▶ **Aim of the task**
Every record below should be written out exactly; pictures stay out.

[Items from a dataset]
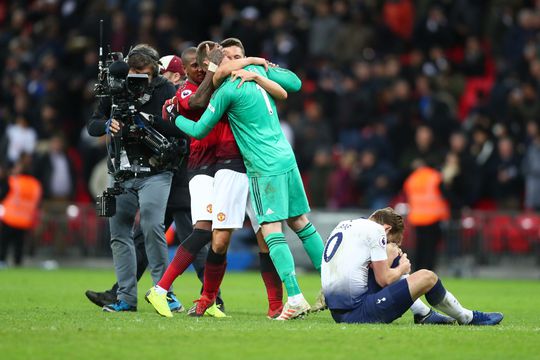 Hier de samenvatting van Spurs tegen ManU, vol bizarre reddingen van De Gea (video)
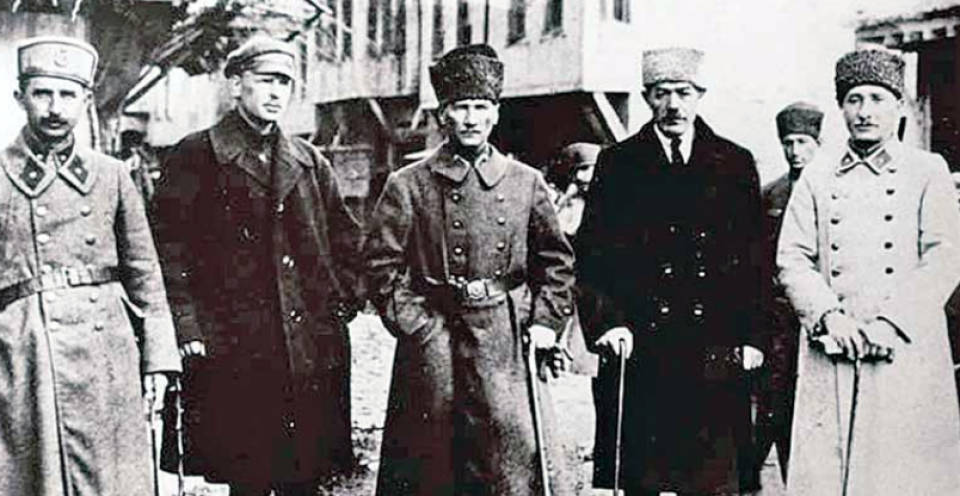 Mustafa Kemal ve İsmet İnönü, Sovyet Elçisi Semiyan Ivonovic Aralov ve Azerbaycan Elçisi İbrahim Abilov ile Konya’nn Akşehir ilçesinde. (28 Mart 1922)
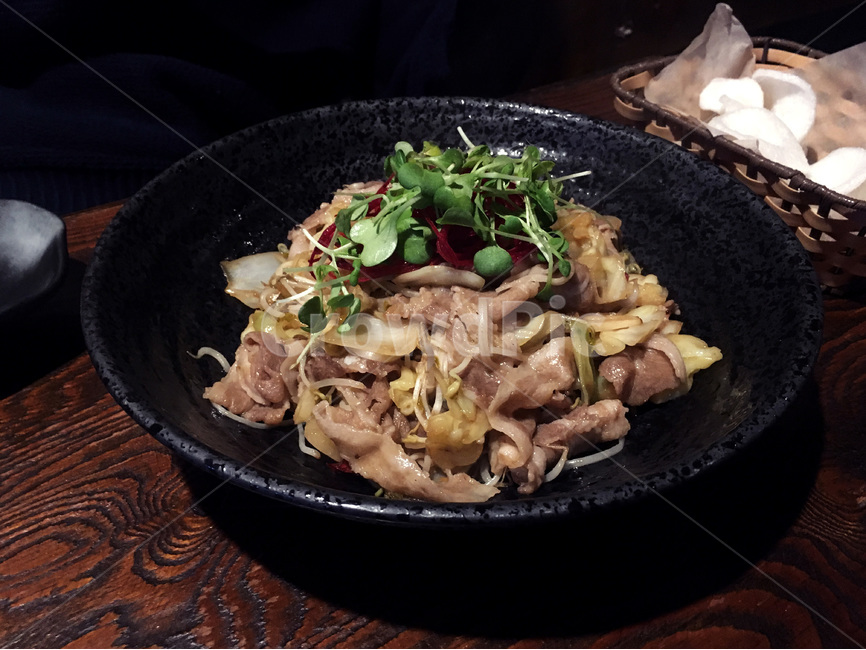 삼겹살,숙주볶음,돼지고기,이자카야,일본안주,일본,술안주,안주,음식,식재료,요리,food,cook,meal,dishes,food reserves,육류,고기,meat,일식,일본음식,일본요리,Japanese food,Japanese dishes,Japanese meal,Japanese cook,디저트,간식,후식,dessert,snack
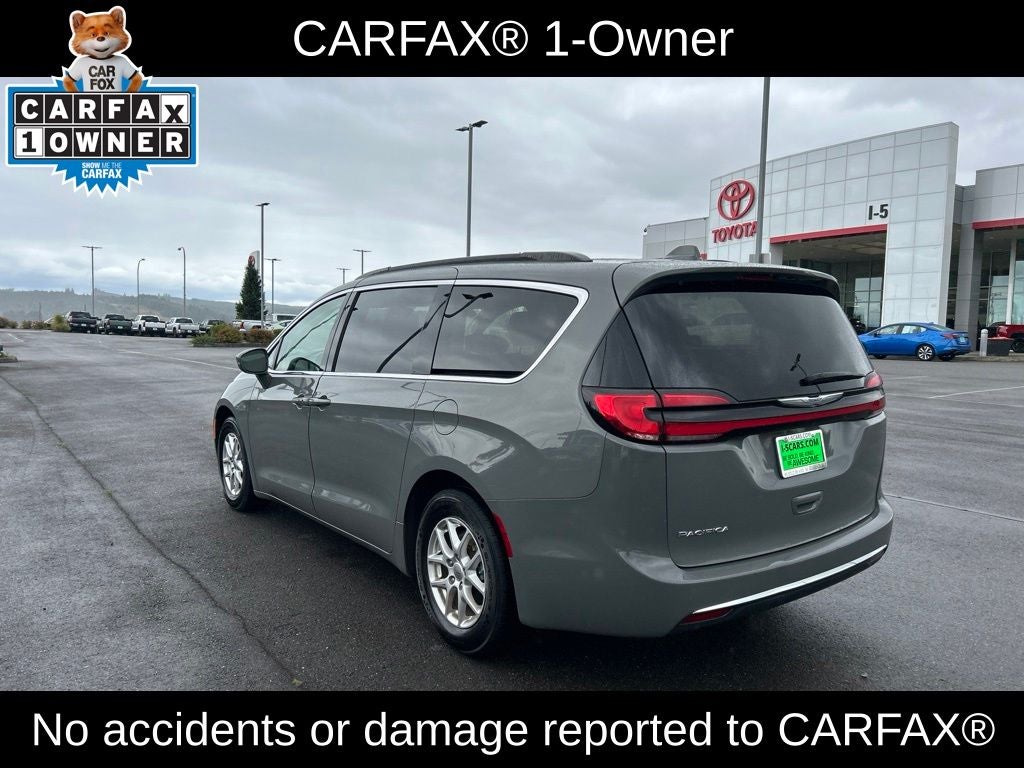 2022 Chrysler Pacifica Touring L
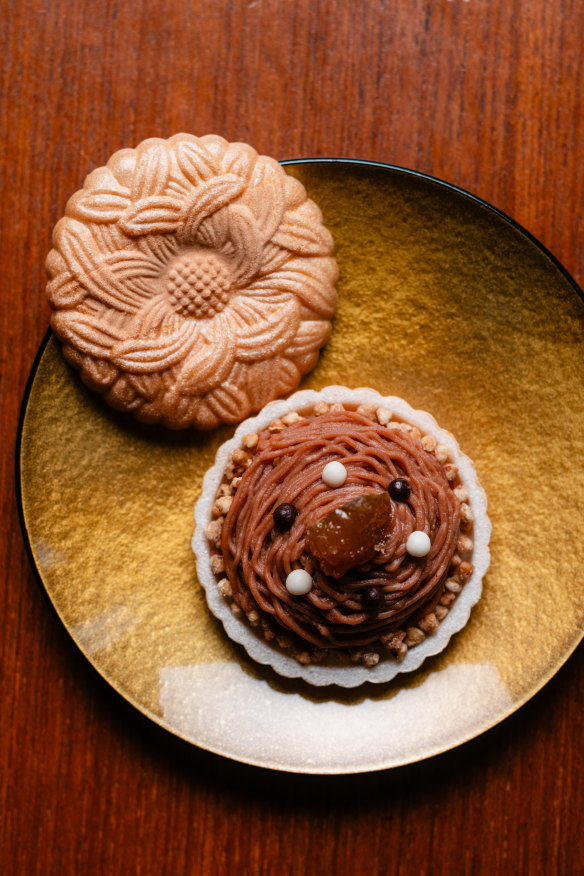 Monaka pastry with chestnut filling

▶ **Solution for this problem**
 Hier de samenvatting van Spurs tegen ManU, vol bizarre reddingen van De Gea (video)
 Mustafa Kemal ve İsmet İnönü, Sovyet Elçisi Semiyan Ivonovic Aralov ve Azerbaycan Elçisi İbrahim Abilov ile Konya’nn Akşehir ilçesinde. (28 Mart 1922)
 삼겹살,숙주볶음,돼지고기,이자카야,일본안주,일본,술안주,안주,음식,식재료,요리,food,cook,meal,dishes,food reserves,육류,고기,meat,일식,일본음식,일본요리,Japanese food,Japanese dishes,Japanese meal,Japanese cook,디저트,간식,후식,dessert,snack
 2022 Chrysler Pacifica Touring L
 Monaka pastry with chestnut filling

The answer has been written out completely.